Tennis quickly became considerably important in England before growing in popularity in France alongside the sudden appearance of champions like Suzanna Lenglen and the famous Musketeers: Jean Borotra (1898-1994), Jacques Brugnon (1895-1978), Henri Cochet (1901-1987), and René Lacoste (1904-1996). In 1877 the first championship in the history of tennis took place in Wimbledon. Englishman Gore triumphed over his 22 challengers before 200 spectators. In 1879, women, set aside until that time, participated in their first tournament in Dublin. In 1878, tennis came to France with the creation of the first two French clubs: the Décimal Club de Paris and the Lawn-Tennis Club de Dinard.
Just like for a dancer, the body is a tennis player’s tool; the racket is an extension of the arm. In 1570, the cords were tied at each crossing. Little change was noticeable until 1675, when framing came into use. Around 1760, the sleeve, until then short (around 20 centimeters), became longer, and the cords, still straight, were tied up once more at each crossing. The racket was lightly curved to facilitate contact with low balls around 1820. From 1874 onwards, the racket became straight again and didn’t go through much evolution until the 60s, when wood was replaced by various revolutionary materials such as steel, then later on fiberglass or carbon fiber. Some rackets have gone beyond their simple practical functions to become myths… In the 70s, when specific rules for tennis rackets didn’t exist yet, a German artisan, Edwin Fischer, had the idea to invent a double-strung racket. The cords were superposed and lightly stretched to allow for a more effective hit, notably on a topspin shot. The ball was uncontrollable and unpredictable back then. It would spin like a top whenever an adversary would manage to hit it. Several players adopted it, and it was nicknamed the “spaghetti racket”. Certain average players managed to obtain unexpected results against circuit leaders. The Australian Philips Moore was the first to experiment with it in June 1977. He was quickly accused of perverting the game. The scandal only grew from tournament to tournament… Until October 1977, when the International Tennis Federation decided to ban use of the racket.

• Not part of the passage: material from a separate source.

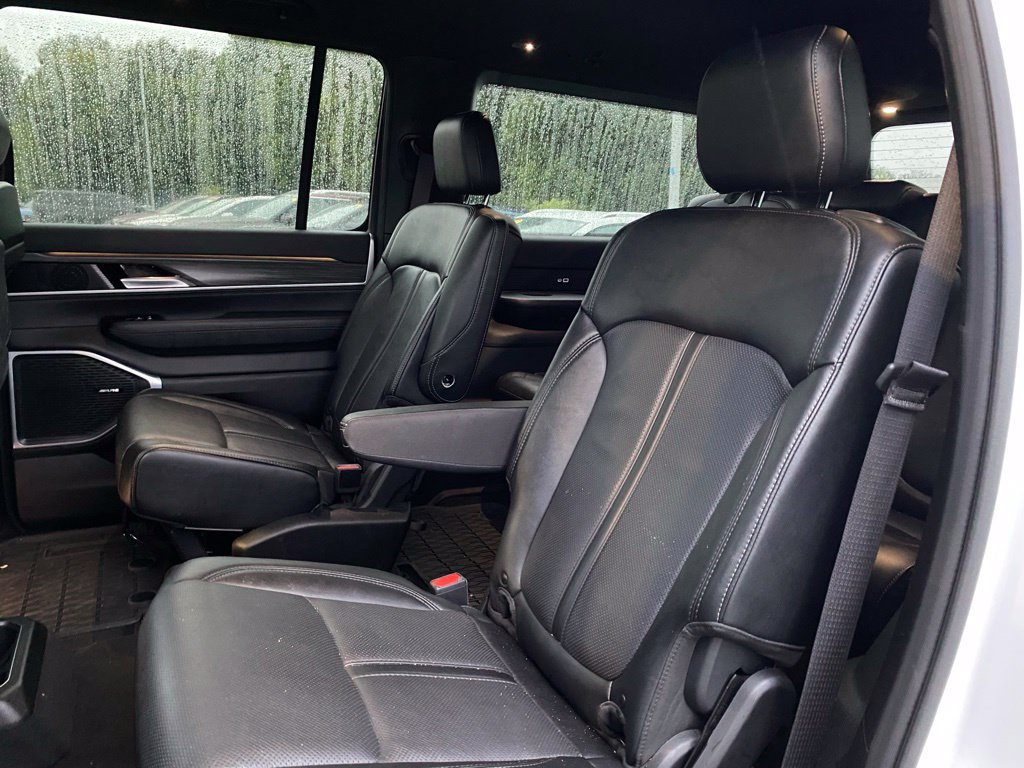 Used 2024 Jeep Wagoneer Series II AWD/4WD image 13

And so, throughout the centuries, rackets have appeared in different shapes, sizes, and weights. But in general, they’ve kept morphological characteristics similar to those of the 16th-century racket. Primarily manufactured in ash wood, the new wood adhesives of the 30s allowed racketeers to mix up their essences (walnut, beech, maple). They resisted stronger tensions and allowed for a better balance between power and control of the ball. During the 70s, metal (steel, aluminum) made its appearance little by little… But metal rackets only enjoyed limited success. Yannick Noah was the very last tennis player to win a Big 4 tournament with a wooden racket, from the brand Le Coq Sportif. On June 5, 1983, he won the French Open. His racket seems almost rudimentary when compared to the carbon Babolat that Rafael Nadal used to win the Paris tournament in 2013. Just barely lighter than Yannick’s, this racket better restores energy. In an interview, Noah estimates that, with the same physical effort, new rackets offer a 50% improved result in speed and power than those used in the 80s.

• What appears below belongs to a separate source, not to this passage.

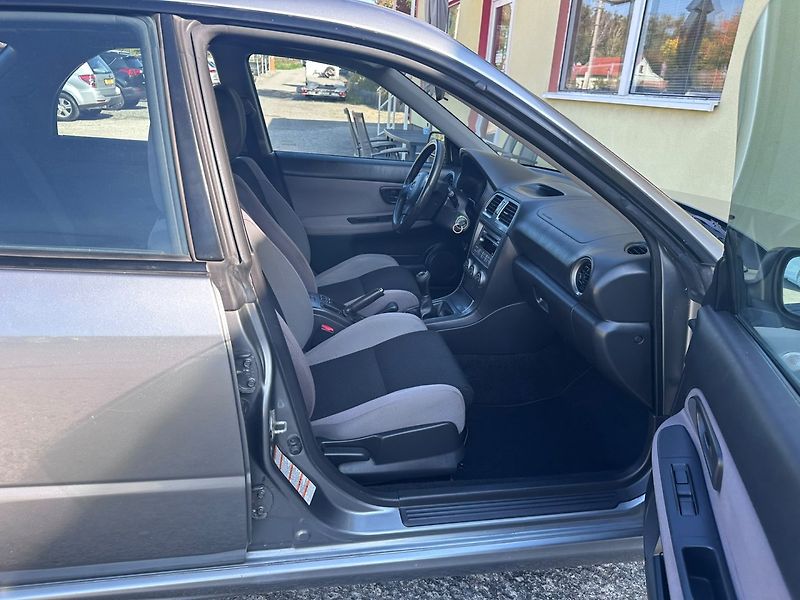 Subaru Impreza (2007) 2.0R 4x4/Výhřev/Digi Klima - fotka 17 z 20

Concerning racket dimensions, it’s worth noting that they are now regulated by the Fédération Française de Tennis. They have to measure less than 73.66 centimeters for professionals and 81.8 centimeters for amateurs. The racket head cannot exceed 29.1 centimeters in width and 39.7 centimeters in length.

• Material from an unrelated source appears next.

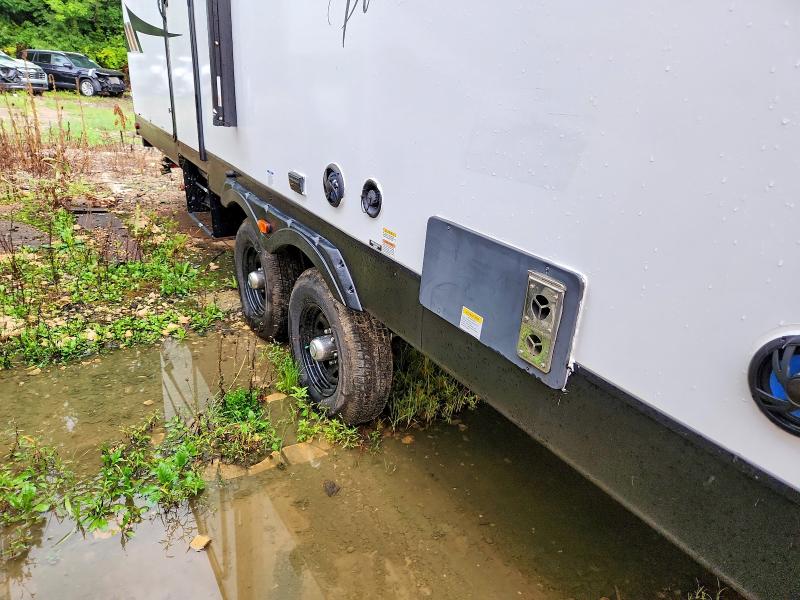 2023 Foresriver VIN 4X4TWDH29PA277771 COPART salvage auction — ROOF, NY - MV907A-FLOOD SALVAGE, sold $7,000 on 2026-09-03 (photo 8)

Between the 60s and the 80s, sports suppliers developed new technologies to go beyond the limits of athletic performance. The brand Lacoste filed more than 20 patents: the diagonal tension of its cords, the plastic handle replacing wood, the “damper”, a piece of polyurethane placed at the base of the racket to absorb vibrations upon contact with the ball, all while increasing the precision of the shot and the strength of the hit. “The Equijet racket” was particularly important. Like the metal racket that came before it, it improved performances and marked an important leap forward in the game’s development. In 1988, Lacoste started working on a new racket that would combine the advantages of a small and large frame width. Once more Lacoste teamed up with a high level player: Guy Forget. At first skeptical, he quickly changed his mind when he tried the prototype. A series of long test sessions in Paris and Chantacao (where Lacoste also had a workshop) would follow. The goal was simple: achieve perfection. In March 1991, “The Equijet” brought Guy to the fourth place spot in the world. To top it all off, in December of the same year, he brought home the Coupe Davis in Lyon. Perhaps there’s a racket behind each great tennis player?